James Taylor, who was originally signed to the Beatles' Apple Records, and maintained a relationship with Lennon up to the time of his death, feels that Lennon's murder was inevitable: "I was in the building uptown from the Dakota in New York City -- a building called the Langham -- the night that John was shot. I heard the shots. I couldn't believe it. I have always thought that there was something almost inevitable about it. I often have the feeling that -- I'm not sure exactly where this comes from -- that too much exposure, or too much celebrity, too much of a sort of public profile, is toxic and dangerous. In John Lennon's case, he was so well known, so universally known and loved, that I almost felt that it was statistically inevitable that someone was gonna... he was so accessible, you know?"

U2's Bono told us that Lennon's artistic integrity was the blueprint for all that came after him: "Well, he wrote the book for us. You know, you're talking about Rubber Soul, other albums -- we've had, you know, The White Album in the back of our head. He's the one who was ready to take the pratfalls -- to make an idiot out of himself to make a point, if that's what it took to make a point -- to take the jeers and the sneers to sing his life. I think the courage to be uncool, in music and in art, is everything."

The Ronettes' Ronnie Spector, who was married to Lennon's record producer Phil Spector, said that the world will never get over the loss of Lennon's talent: "He was the nicest guy. And when I found out he was dead, I couldn't get out of bed for three days.

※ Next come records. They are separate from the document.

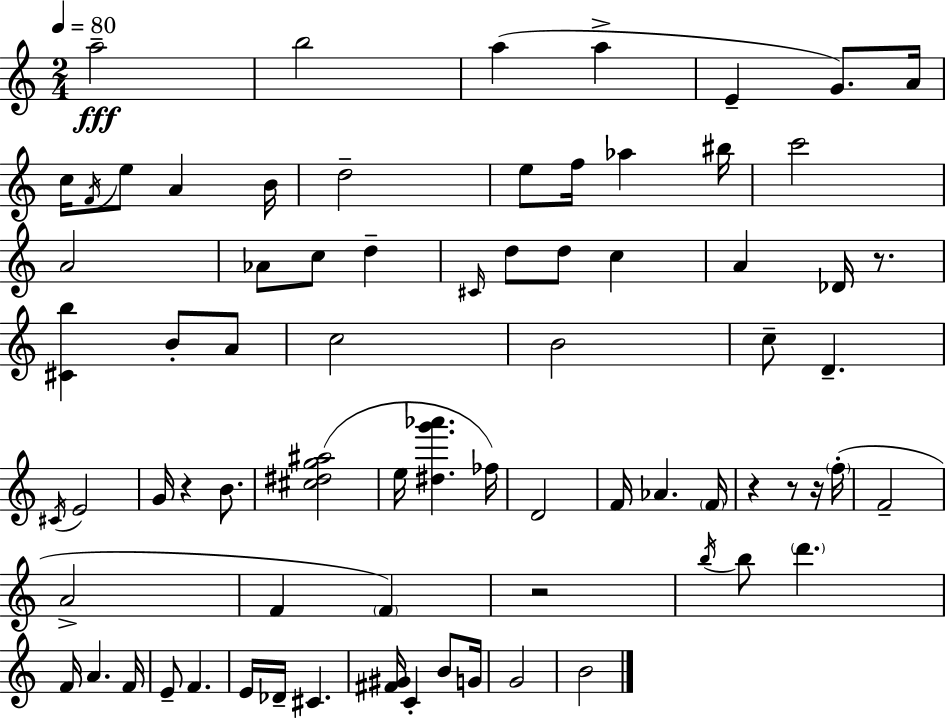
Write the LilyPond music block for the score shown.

{
  \clef treble
  \numericTimeSignature
  \time 2/4
  \key c \major
  \tempo 4 = 80
  a''2--\fff | b''2 | a''4( a''4-> | e'4-- g'8.) a'16 | \break c''16 \acciaccatura { f'16 } e''8 a'4 | b'16 d''2-- | e''8 f''16 aes''4 | bis''16 c'''2 | \break a'2 | aes'8 c''8 d''4-- | \grace { cis'16 } d''8 d''8 c''4 | a'4 des'16 r8. | \break <cis' b''>4 b'8-. | a'8 c''2 | b'2 | c''8-- d'4.-- | \break \acciaccatura { cis'16 } e'2 | g'16 r4 | b'8. <cis'' dis'' g'' ais''>2( | e''16 <dis'' g''' aes'''>4. | \break fes''16) d'2 | f'16 aes'4. | \parenthesize f'16 r4 r8 | r16 \parenthesize f''16-.( f'2-- | \break a'2-> | f'4 \parenthesize f'4) | r2 | \acciaccatura { b''16 } b''8 \parenthesize d'''4. | \break f'16 a'4. | f'16 e'8-- f'4. | e'16 des'16-- cis'4. | <fis' gis'>16 c'4-. | \break b'8 g'16 g'2 | b'2 | \bar "|."
}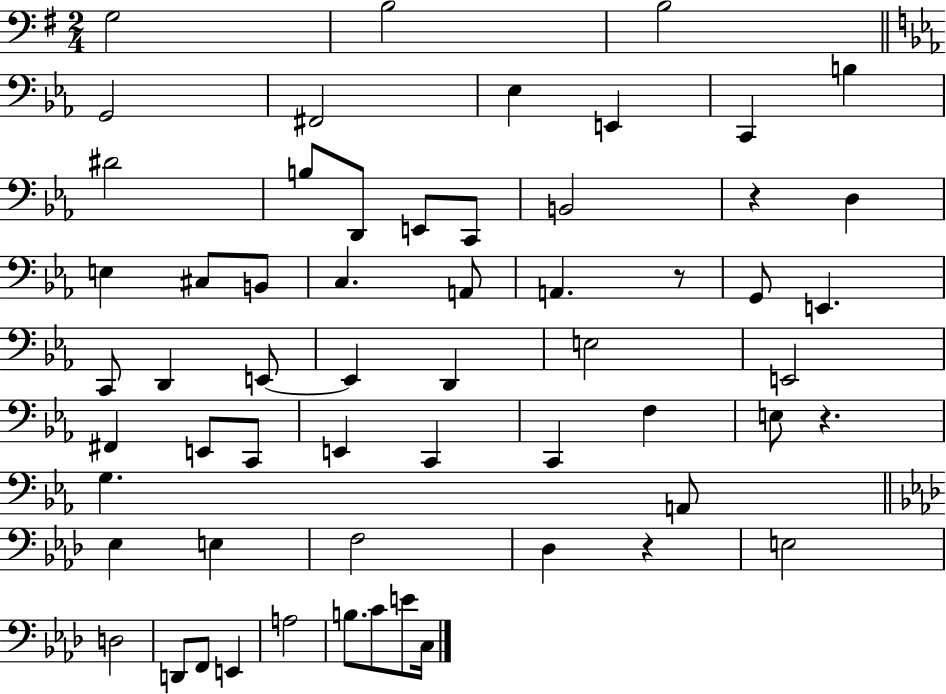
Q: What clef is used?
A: bass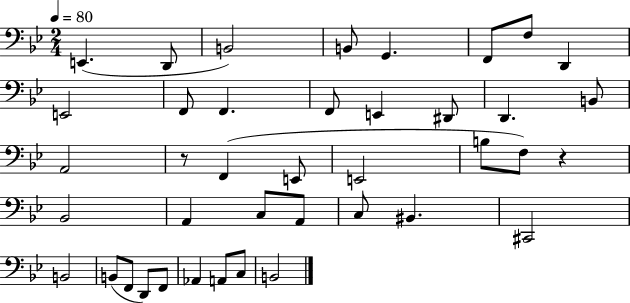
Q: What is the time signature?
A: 2/4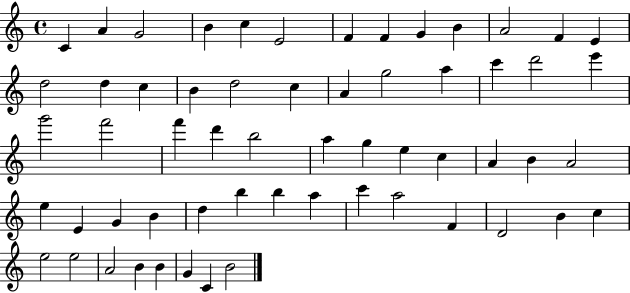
{
  \clef treble
  \time 4/4
  \defaultTimeSignature
  \key c \major
  c'4 a'4 g'2 | b'4 c''4 e'2 | f'4 f'4 g'4 b'4 | a'2 f'4 e'4 | \break d''2 d''4 c''4 | b'4 d''2 c''4 | a'4 g''2 a''4 | c'''4 d'''2 e'''4 | \break g'''2 f'''2 | f'''4 d'''4 b''2 | a''4 g''4 e''4 c''4 | a'4 b'4 a'2 | \break e''4 e'4 g'4 b'4 | d''4 b''4 b''4 a''4 | c'''4 a''2 f'4 | d'2 b'4 c''4 | \break e''2 e''2 | a'2 b'4 b'4 | g'4 c'4 b'2 | \bar "|."
}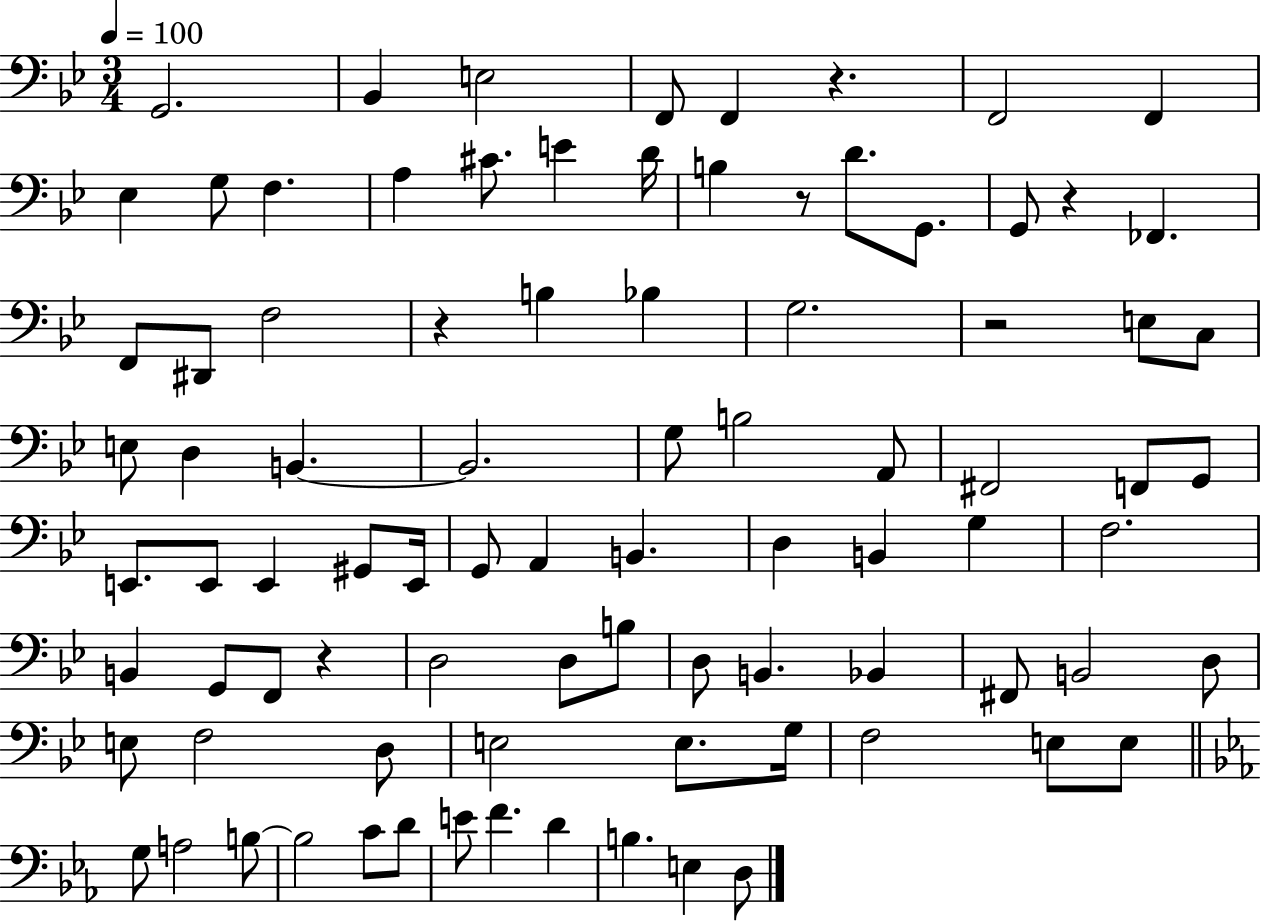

I was stunned. Because he was heavy. Now here's a guy... Talking about writing -- there will never be another John Lennon."

Beatlefan magazine's executive editor Al Sussman says that the Beatles' 1967 Sgt. Pepper's Lonely Hearts Club album was the first major example that the youth of the world were all in tune with each other: "In those days, records came out on Friday. So that weekend, everybody was listening to this album. The same thing happened when The White Album came out (the year after). And you knew, that everybody, everybody, who were at all hip to what was musically relevant was listening to this. Oh yeah."

Joe Raiola, the writer/director of the annual John Lennon tribute to be held on Sunday (December 10th) at New York City's Alley Citigroup Theatre, told us he was surprised at the quality of Lennon's 1980 comeback album Double Fantasy: "It surprised me in some ways, how clean and clear it was. If you take a song like 'Woman,' I think that compares to the best of John's Beatle work. It's that good. And there are a few songs on that album, probably 'Watching The Wheels,' even 'Beautiful Boy' -- those three come to mind that are among his best work."

Joe Raiola says that nobody can accurately speculate what Lennon would be doing artistically today: "It's open to a lot of speculation because we can't say for sure. What we know is, in 1980, that his music was revolving around his domestic and family life, and who knows how long that phase would've lasted? One thing we know about John is that he changed. He went through the 'primal' phase, he went through what he called the 'white' phase -- the Imagine phase, he went through the political rebellion phase -- the 'liberal phase' with Jerry Rubin and all that, he went through the 'craftsman phase.' And then came out years later with this new direction in terms of what his inspiration was."